Interlude
Took a break from 2666 to read The Mystery Guest: An Account, written by Grégoire Bouillier and translated by Lorin Stein, a senior editor at Farrar, Straus and Giroux. I came to it through a back issue of n+1. Someone in my office mentioned a Paris Review article on watching for fire, but a previous article of his—“My Life and Times in American Journalism”—sounded more pertinent to my own life, so I borrowed the back issue of n+1 to take a look. The piece itself was disappointing. First off the writing wasn’t particularly good. It was a straightforward confessional piece, whiney in the usual way. Philip Connors, the author, assumes the reader’s on his side and, further, that the reader thinks he’s intelligent and worthy. And at the end of it all, he leaves, walks out of a copy-editing job at the Wall Street Journal, and you share his disgust but you’re relieved to part ways. I agree with the person who lent me the magazine—it’s the two excerpted Frederick Seidel poems, and the bit of the story on which they impinge, that make the piece worth reading. Seidel’s poetry is dangerous and outrageous, but dapper. I’m delighted to know that the WSJ published a Seidel poem every month for a year. It is a good tonic.

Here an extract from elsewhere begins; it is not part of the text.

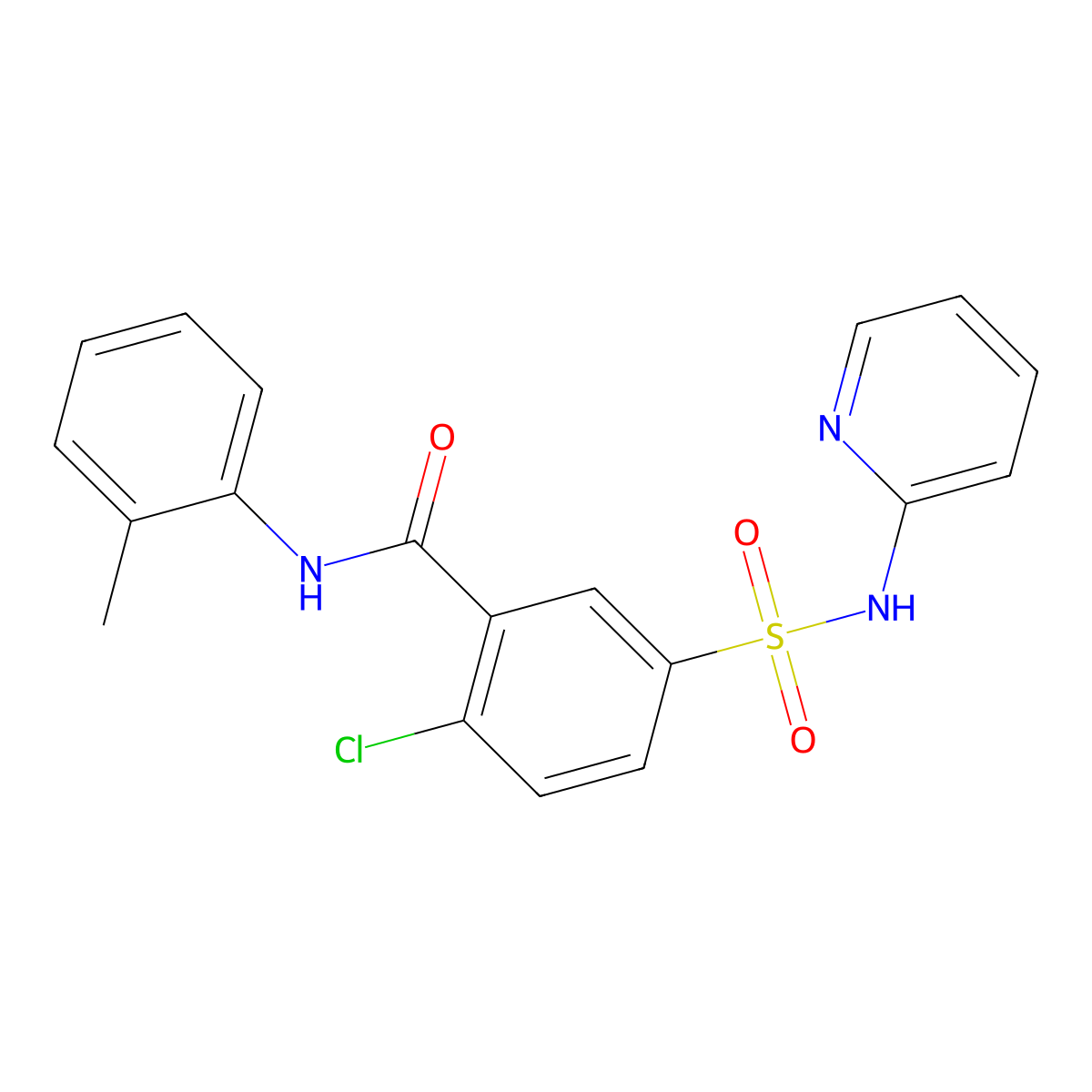 2-chloro-N-(2-methylphenyl)-5-[(2-pyridinylamino)sulfonyl]benzamide molecular structure, CAS 413583-25-2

Scanning the rest of the issue brought me to an excerpt of The Mystery Guest. I remembered the title from Mark Sarvas’s blog, The Elegant Variation, on which he’d posted a very fetching picture of the cover—it was designed to conjure the label of an expensive bottle of wine, a Margaux, which makes an appearance in the story. [And just to further complicate things, I’ll mention that the introduction to the excerpt prompted me to read my first Susan Sontag essay. Because the first line of The Mystery Guest is, “It was the day Michel Leiris died,” and I hadn’t heard of Leiris. The introduction helpfully made mention of the Sontag essay, so off I trundled to my well-stocked if disorganized book shelf to locate Against Interpretation. I want to learn more about Leiris, but won’t go into that now.]
Bouillier-via-Stein has a masterful way of illuminating the little interior explosions that make up the day-to-day life of a truly neurotic person, and he makes them funny without downplaying their real impact. Like this:
“Yes, despite my turtleneck-undershirts a woman had taken an interest in me of late. And to my shock my turtlenecks didn’t put her off, even though most women feel an instinctive, to my mind legitimate, revulsion toward men in layered turtlenecks, unless they somehow find them attractive—but I gave those women a wide berth then and still do. At any rate she wasn’t one of them; she just seemed not to notice my sartorial neurosis, for which I was profoundly grateful. At the same time it frustrated me. I was unnerved that my turtleneck-undershirts didn’t bother her, never even gave her pause, when it would have made me feel so much less burdened and alone, would have meant such a sharp rise in the value of her affections, if only I’d known that she loved me with open eyes. But no, she saw no secret meaning in my layered look, so there I was, misunderstood at her side, furious, divided, unfairly and hatefully demanding that she adjust to my turtlenecks when it was exactly her easy acceptance of them that had brought us together in the first place, and everything about us is so twisted and convoluted, and isn’t every piece of luck that comes our way a trap in disguise?”
I suspect that many of the people who read this book and enjoyed were also neurotics, or normal people who have their moments of neurosis. A blurb from GQ on the back cover of the paperback proclaims the reader will “see [her] own scaled-down reflection” in the book. More like scaled up, though it may be more a matter of noticing and thoughtfully engaging with the mix of dire / decisive / delirious moments that occur when we, for example, pick up the phone and find ourselves suddenly speaking to the person who broke our heart years ago without a word of explanation. This sort of scrupulous “accounting,” as Bouillier calls it, seems similar in a way to the life-blogging that we’re seeding so much of now, but exponentially better.
I think you’ve touched upon what I liked least about the Bouillier — I read, at least in part, to escape the neuroses of this city and its inhabitants. The book was well-crafted, but I didn’t particularly _enjoy_ it. On a tangentially-related note, a friend just suggested Little, Big by John Crowley. Do you own it? If not, I’m going to buy it and you can borrow it.
//
October 8, 2008 at 1:23 am
I do not own the Crowley book, nor have I heard of him. Let me know how it goes.